[Data extract Boundary: Start]
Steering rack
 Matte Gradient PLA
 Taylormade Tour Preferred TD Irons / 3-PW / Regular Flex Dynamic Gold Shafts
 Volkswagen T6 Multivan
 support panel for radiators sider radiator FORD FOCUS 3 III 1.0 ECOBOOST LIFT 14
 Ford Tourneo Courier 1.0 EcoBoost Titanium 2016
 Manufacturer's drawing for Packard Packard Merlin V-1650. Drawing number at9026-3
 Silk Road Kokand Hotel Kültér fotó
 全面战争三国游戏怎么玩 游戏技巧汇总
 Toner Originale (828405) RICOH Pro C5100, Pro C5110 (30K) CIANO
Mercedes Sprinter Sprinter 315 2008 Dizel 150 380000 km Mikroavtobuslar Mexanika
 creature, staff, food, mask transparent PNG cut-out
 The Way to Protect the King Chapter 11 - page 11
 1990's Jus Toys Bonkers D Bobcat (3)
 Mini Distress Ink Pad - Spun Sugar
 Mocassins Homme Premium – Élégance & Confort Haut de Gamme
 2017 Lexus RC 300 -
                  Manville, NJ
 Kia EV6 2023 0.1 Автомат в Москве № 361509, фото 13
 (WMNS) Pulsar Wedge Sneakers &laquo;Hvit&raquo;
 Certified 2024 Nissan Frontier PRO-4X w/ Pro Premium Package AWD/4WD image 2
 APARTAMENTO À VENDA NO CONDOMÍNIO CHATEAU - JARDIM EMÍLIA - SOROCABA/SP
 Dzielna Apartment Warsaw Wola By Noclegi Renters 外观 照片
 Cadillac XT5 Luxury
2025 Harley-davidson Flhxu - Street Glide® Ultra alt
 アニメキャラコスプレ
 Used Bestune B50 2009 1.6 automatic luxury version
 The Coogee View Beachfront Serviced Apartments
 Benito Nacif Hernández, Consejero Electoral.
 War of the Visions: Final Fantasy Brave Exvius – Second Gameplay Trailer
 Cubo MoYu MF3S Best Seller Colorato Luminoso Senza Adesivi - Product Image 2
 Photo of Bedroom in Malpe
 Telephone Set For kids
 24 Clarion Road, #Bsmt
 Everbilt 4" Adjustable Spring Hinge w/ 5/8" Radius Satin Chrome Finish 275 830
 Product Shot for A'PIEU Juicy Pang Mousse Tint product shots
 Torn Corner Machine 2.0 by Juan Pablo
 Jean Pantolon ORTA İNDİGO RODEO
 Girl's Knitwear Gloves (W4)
[Data extract Boundary: End]
### Your assignment
Repeat the whole listing above without any change.

### Solution
Steering rack
 Matte Gradient PLA
 Taylormade Tour Preferred TD Irons / 3-PW / Regular Flex Dynamic Gold Shafts
 Volkswagen T6 Multivan
 support panel for radiators sider radiator FORD FOCUS 3 III 1.0 ECOBOOST LIFT 14
 Ford Tourneo Courier 1.0 EcoBoost Titanium 2016
 Manufacturer's drawing for Packard Packard Merlin V-1650. Drawing number at9026-3
 Silk Road Kokand Hotel Kültér fotó
 全面战争三国游戏怎么玩 游戏技巧汇总
 Toner Originale (828405) RICOH Pro C5100, Pro C5110 (30K) CIANO
Mercedes Sprinter Sprinter 315 2008 Dizel 150 380000 km Mikroavtobuslar Mexanika
 creature, staff, food, mask transparent PNG cut-out
 The Way to Protect the King Chapter 11 - page 11
 1990's Jus Toys Bonkers D Bobcat (3)
 Mini Distress Ink Pad - Spun Sugar
 Mocassins Homme Premium – Élégance & Confort Haut de Gamme
 2017 Lexus RC 300 -
                  Manville, NJ
 Kia EV6 2023 0.1 Автомат в Москве № 361509, фото 13
 (WMNS) Pulsar Wedge Sneakers &laquo;Hvit&raquo;
 Certified 2024 Nissan Frontier PRO-4X w/ Pro Premium Package AWD/4WD image 2
 APARTAMENTO À VENDA NO CONDOMÍNIO CHATEAU - JARDIM EMÍLIA - SOROCABA/SP
 Dzielna Apartment Warsaw Wola By Noclegi Renters 外观 照片
 Cadillac XT5 Luxury
2025 Harley-davidson Flhxu - Street Glide® Ultra alt
 アニメキャラコスプレ
 Used Bestune B50 2009 1.6 automatic luxury version
 The Coogee View Beachfront Serviced Apartments
 Benito Nacif Hernández, Consejero Electoral.
 War of the Visions: Final Fantasy Brave Exvius – Second Gameplay Trailer
 Cubo MoYu MF3S Best Seller Colorato Luminoso Senza Adesivi - Product Image 2
 Photo of Bedroom in Malpe
 Telephone Set For kids
 24 Clarion Road, #Bsmt
 Everbilt 4" Adjustable Spring Hinge w/ 5/8" Radius Satin Chrome Finish 275 830
 Product Shot for A'PIEU Juicy Pang Mousse Tint product shots
 Torn Corner Machine 2.0 by Juan Pablo
 Jean Pantolon ORTA İNDİGO RODEO
 Girl's Knitwear Gloves (W4)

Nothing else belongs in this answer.